Write-Behind (Write-Back)

write_behind:
  pattern: Cache writes async to database
  flow:
    write:
      1. Write to cache
      2. Return to client immediately
      3. Async: Cache writes to database

  pros:
    - Fast writes
    - Batching possible
  cons:
    - Data loss risk
    - Complexity
    - Consistency challenges

Invalidation Strategies

TTL-Based

# Simple TTL expiration
redis.setex("user:123", 3600, user_data)  # Expires in 1 hour

# Variable TTL based on data characteristics
def get_cache_ttl(data_type):
    ttl_config = {
        'user_profile': 3600,      # 1 hour
        'product_catalog': 86400,   # 24 hours
        'session': 900,             # 15 minutes
        'search_results': 300,      # 5 minutes
    }
    return ttl_config.get(data_type, 1800)

Event-Based Invalidation

# Invalidate on related events
def handle_user_update(event):
    user_id = event['user_id']

    # Invalidate directly related caches
    redis.delete(f"user:{user_id}")
    redis.delete(f"user_profile:{user_id}")

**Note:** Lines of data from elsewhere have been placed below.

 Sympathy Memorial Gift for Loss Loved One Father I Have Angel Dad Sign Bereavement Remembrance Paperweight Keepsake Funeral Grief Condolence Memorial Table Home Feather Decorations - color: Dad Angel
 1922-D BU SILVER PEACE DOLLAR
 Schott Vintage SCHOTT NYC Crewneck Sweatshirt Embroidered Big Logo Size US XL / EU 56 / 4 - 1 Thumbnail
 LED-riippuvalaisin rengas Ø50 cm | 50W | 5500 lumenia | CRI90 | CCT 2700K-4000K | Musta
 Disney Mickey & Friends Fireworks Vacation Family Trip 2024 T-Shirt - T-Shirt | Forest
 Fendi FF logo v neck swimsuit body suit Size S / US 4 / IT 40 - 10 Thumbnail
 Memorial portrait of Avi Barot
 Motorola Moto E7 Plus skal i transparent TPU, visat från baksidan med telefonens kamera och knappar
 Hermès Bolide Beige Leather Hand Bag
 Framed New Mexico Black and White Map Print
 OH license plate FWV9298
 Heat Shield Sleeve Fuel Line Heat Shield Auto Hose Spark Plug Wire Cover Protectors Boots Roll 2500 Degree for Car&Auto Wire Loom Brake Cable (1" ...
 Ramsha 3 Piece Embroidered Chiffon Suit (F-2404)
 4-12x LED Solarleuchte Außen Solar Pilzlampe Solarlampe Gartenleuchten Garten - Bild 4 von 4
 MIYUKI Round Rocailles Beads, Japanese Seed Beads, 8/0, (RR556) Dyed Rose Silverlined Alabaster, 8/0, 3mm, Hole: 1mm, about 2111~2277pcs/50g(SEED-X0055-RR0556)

    # Invalidate dependent caches
    order_ids = get_user_orders(user_id)
    for order_id in order_ids:
        redis.delete(f"order:{order_id}")

# Pattern: Publish invalidation events
def update_user(user_id, data):
    db.execute("UPDATE users SET ...", data, user_id)
    event_bus.publish("user.updated", {"user_id": user_id})

Versioned Keys

# Version-based invalidation
def get_cache_key(user_id):
    version = redis.get(f"user_version:{user_id}") or 0
    return f"user:{user_id}:v{version}"

def invalidate_user_cache(user_id):
    redis.incr(f"user_version:{user_id}")
    # Old versioned keys naturally become orphaned and expire

Common Problems

Cache Stampede

cache_stampede:
  problem: Many requests miss cache simultaneously, all hit database
  scenario:
    - Popular item's cache expires
    - 1000 concurrent requests
    - All hit database
    - Database overwhelmed

  solutions:
    - Locking
    - Early refresh
    - Probabilistic expiration

# Solution 1: Locking (single flight)
def get_with_lock(key, fetch_func, ttl):
    cached = redis.get(key)
    if cached:
        return json.loads(cached)

    lock_key = f"lock:{key}"
    acquired = redis.set(lock_key, "1", nx=True, ex=5)

    if acquired:
        try:
            data = fetch_func()
            redis.setex(key, ttl, json.dumps(data))
            return data
        finally:
            redis.delete(lock_key)
    else:
        # Wait and retry
        time.sleep(0.1)
        return get_with_lock(key, fetch_func, ttl)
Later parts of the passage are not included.